Cairo: Egypt's powerful military put its foot down on Saturday in the crisis dividing the nation by demanding that the Islamist-led government and political foes start dialogue -- and warning it would not permit events to take a ‘disastrous’ turn.
"The path of dialogue is the best and only way to reach agreement and achieve the interests of the nation and its citizens," said a statement from the armed forces -- the first since street protests against President Mohamed Morsi erupted more than two weeks ago.
"The opposite of that will take us into a dark tunnel with disastrous results -- and that is something we will not allow."
The stark ultimatum underlined the gravity of the crisis pitting Morsi and his Muslim Brotherhood backers against the largely secular opposition alarmed at the president's expanded powers and efforts to push through a new constitution.

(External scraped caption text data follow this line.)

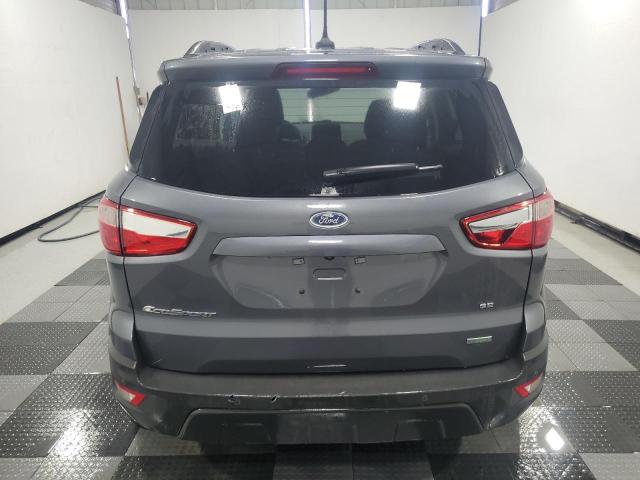 MAJ3S2GE4LC388430 - 2020 FORD ECOSPORT SE ნაცრისფერი ფოტო 6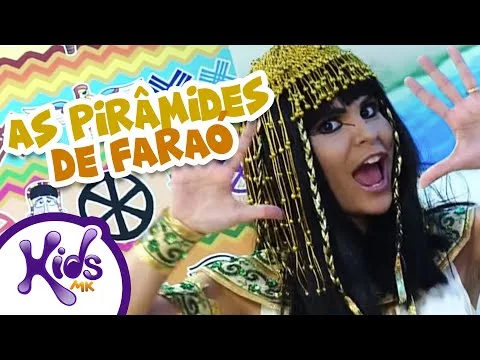 As Pirâmides De Faraó official video thumbnail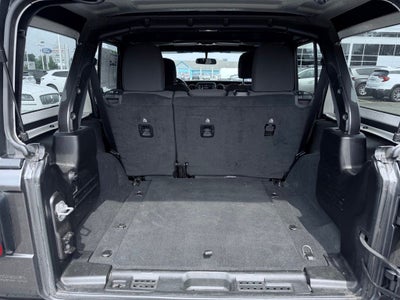 2022 Jeep Wrangler Sport Altitude 4x4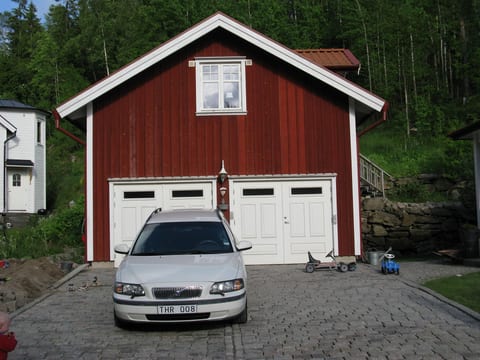 Villa mit Whirlpool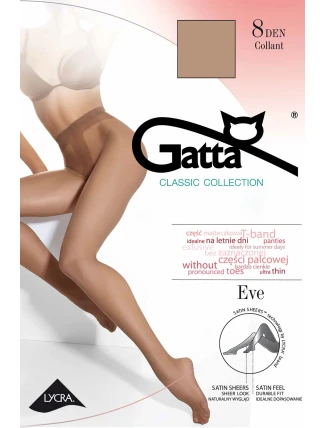 Gatta EVE color:daino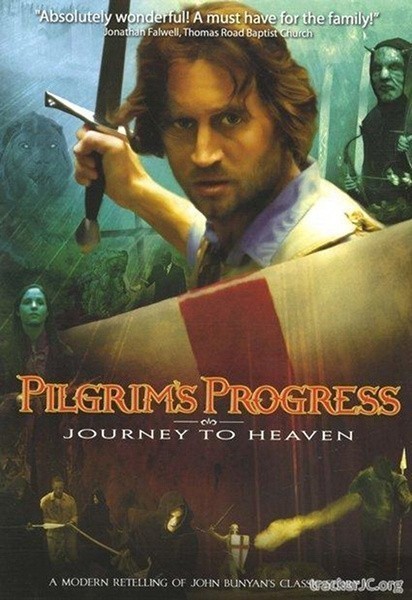 Кроме трейлера фильма The Fickle Fiddler's Finish, есть описание Путешествие Пилигрима в небесную страну.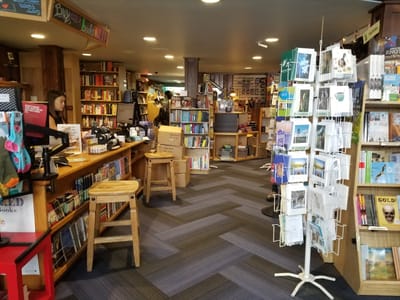 Off the Beaten Path Bookstore and Café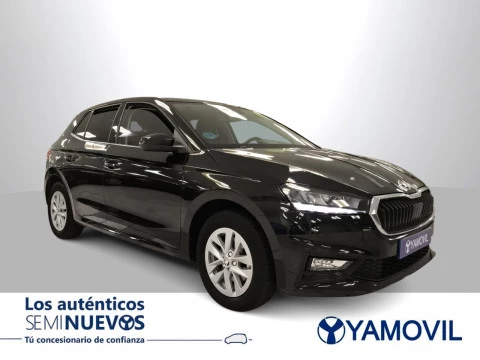 Skoda Fabia 1.0 TSI Ambition DSG 81 kW (110 CV)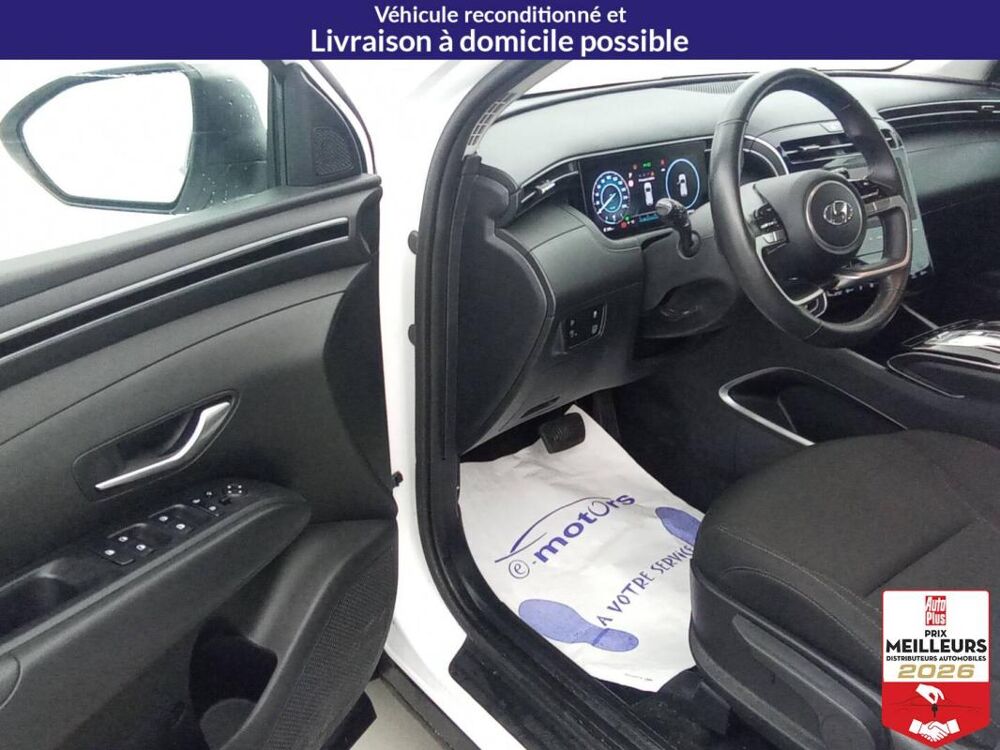 Tucson T-GDI 230 Hybrid BVA6 Business 2023 occasion 10150 Lavau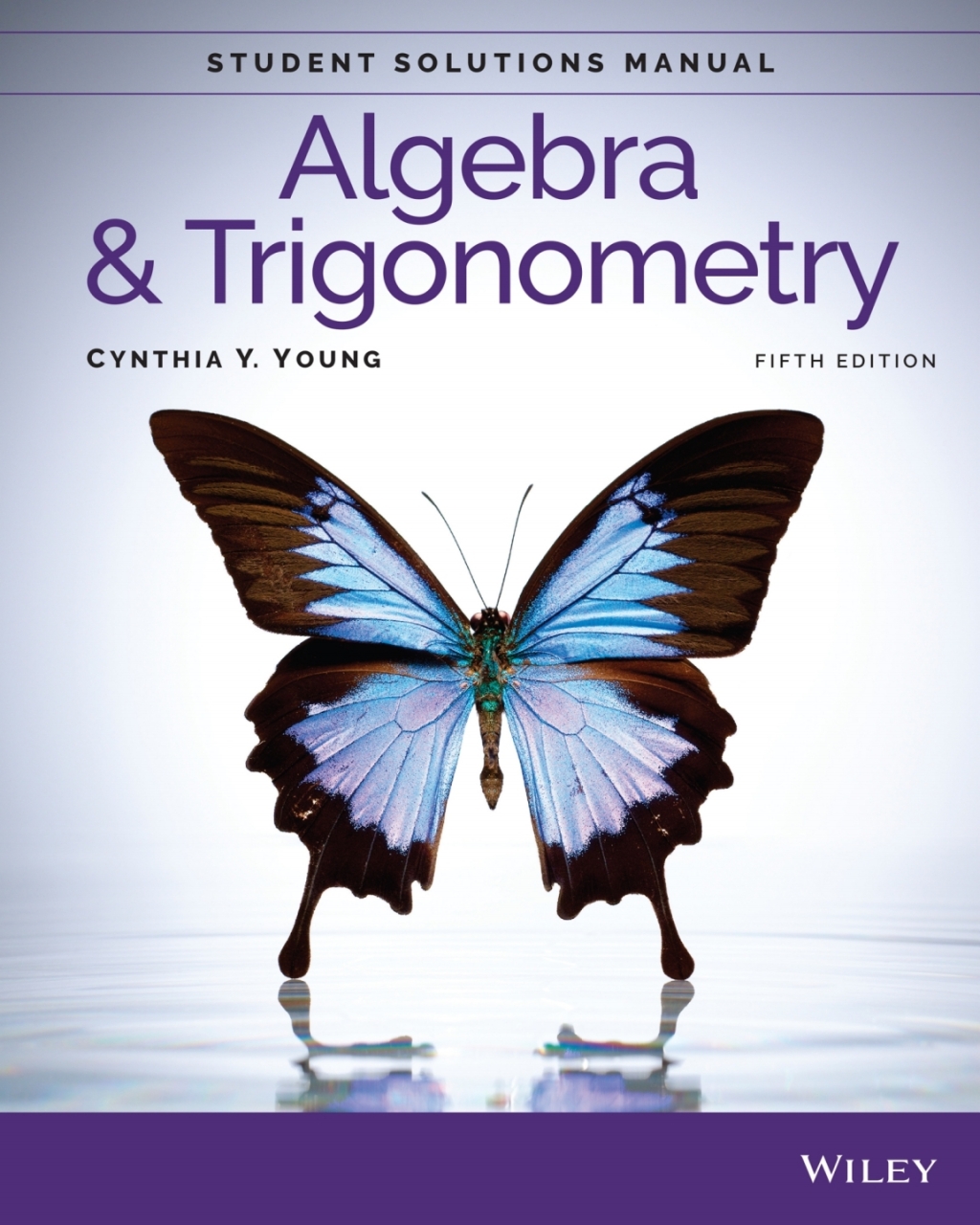 Algebra and Trigonometry, Student Solutions Manual 5th Edition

Nightly protests degenerated into clashes this week between Morsi supporters and opponents leaving seven people dead and more than 640 injured.

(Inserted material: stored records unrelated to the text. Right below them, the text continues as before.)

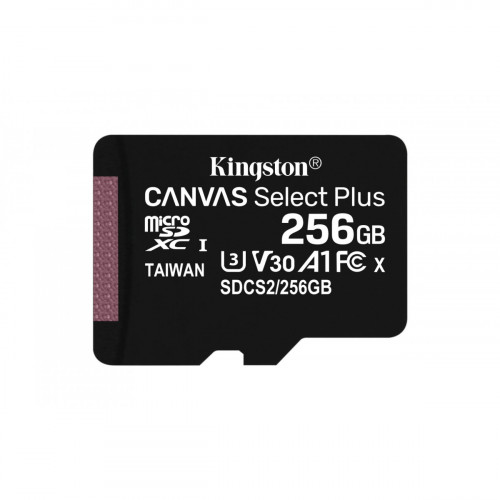 Kingston Technology Canvas Select Plus memoria...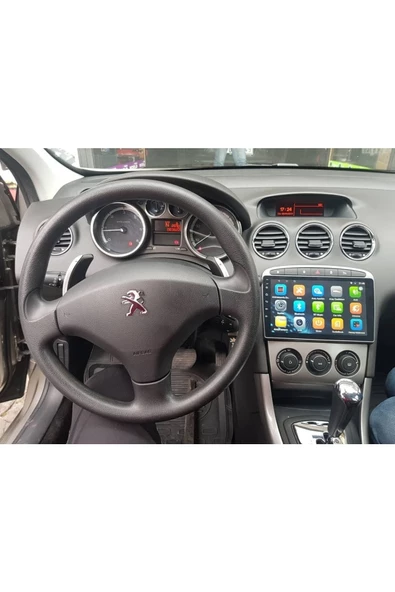 demirusta Peugeot 308-rcz Uyumlu Navigasyon Dvd Usb Bt Wifi Mobil Tv Dvd Kamera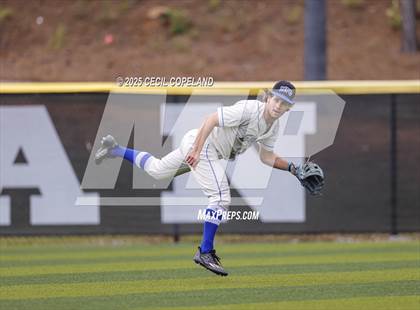 Thumbnail 1 in Greater Atlanta Christian @ Mount Paran Christian - Game 1 (GHSA Private 1st Round) photogallery.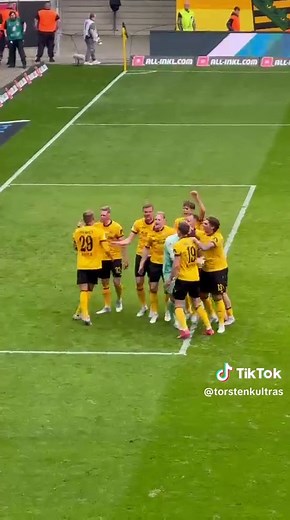 Dynamo Dresden Bundesliga Highlights & Goals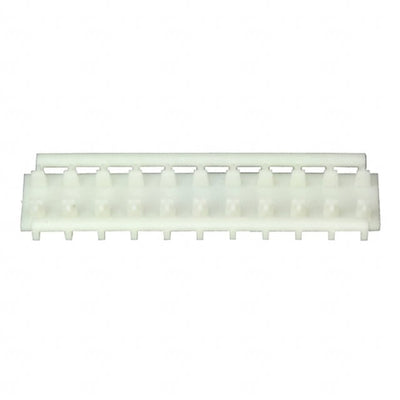 1-643071-1 by TE Connectivity AMP Connectors - CONNECTOR STRAIN RELIEF COVER 11POS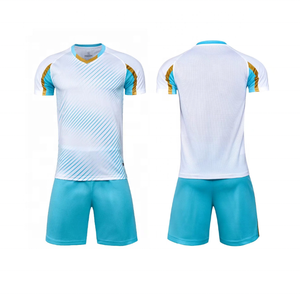 Jersey Sepak Bola Retro Kustom 2022 Jersey Sepak Bola Kandang Pemasok Thailand - Product Image 1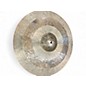 Used Istanbul Agop 13in Sultan Series Cymbal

That prompted the army to deploy tanks outside the presidential palace on Thursday to prevent further bloodshed.
The military underlined that it would maintain its neutral role and uphold its duty to protect state institutions, saying it "stands always with the great Egyptian people and insists on its unity"

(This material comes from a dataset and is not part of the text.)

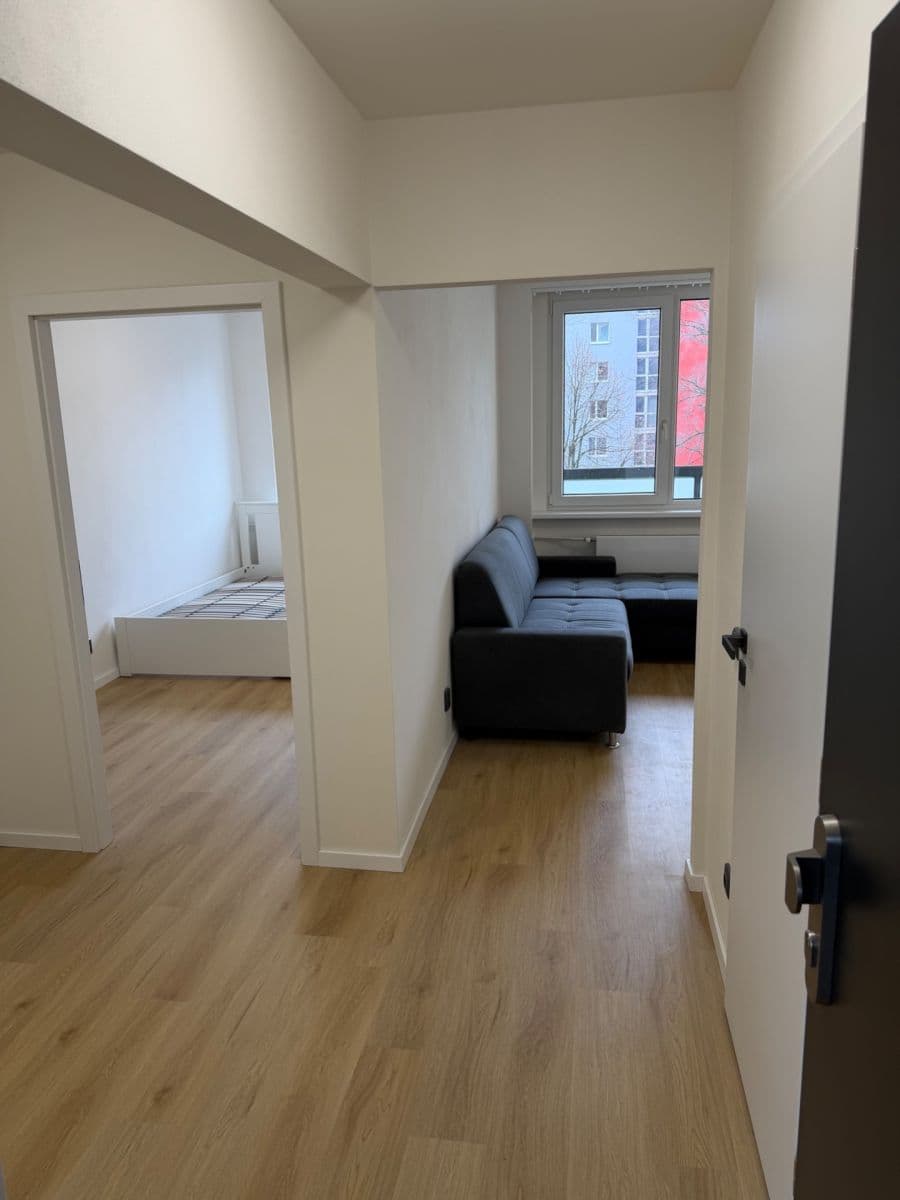 Pronájem bytu 2+kk 47 m², Běloruská, Brno, Jihomoravský kraj Pronájem bytu 2+kk 47 m², Běloruská, Brno, Jihomoravský kraj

It urged a solution based on "democratic rules."
The military's refusal to pick sides in the dispute recalled its hands-off position during the uprising that toppled president Hosni Mubarak early last year.
The statement was issued after an ominous report in state newspaper Al-Ahram on Saturday which said Morsi's cabinet had approved giving soldiers police powers to maintain public order, but that Morsi had not yet signed it into a decree.
The president has struck a defiant public tone against the protests, defending both his decree and the referendum.
But in the past couple of days his camp has also made some conciliatory gestures to the opposition.
Morsi himself offered late on Thursday to hold talks with the opposition, but that was rebuffed the next day by the National Salvation Front coalition ranged against him.
One of the Front's leaders, Mohamed ElBaradei, a former UN atomic agency chief and Nobel Peace laureate, stressed on Friday that dialogue could only happen if Morsi first postponed the referendum and repealed the decree placing his decisions beyond judicial review.
Vice President Mahmud Mekki said Morsi "could accept to delay the referendum," but only if the opposition guaranteed it would not exploit the legal breach inherent in pushing it back.
Early voting in the referendum for Egyptians abroad has already been pushed back four days to Wednesday.
Additionally, the Cairo prosecutors' office told AFP on Saturday that all 133 people arrested during Wednesday's clashes had been released.
And Mohammed Badie, leader of the Muslim Brotherhood, which backed Morsi in the June presidential election, gave a news conference renewing the call for dialogue but insisting that the "legitimacy" of the president's decisions be respected.
The opposition fears Morsi's "power grab" and referendum aim to push the country towards a more Islamic state on the basis of a slender mandate he won in June, when he took over from the country's interim military rulers.
Morsi's backers in the Muslim Brotherhood, in turn, fear that the judiciary, with its many Mubarak-era appointees, is plotting to block their post-Mubarak reforms.
The African Union, of which Egypt is a member, also issued an appeal on Saturday for talks on the constitutional referendum to arrive at a consensus.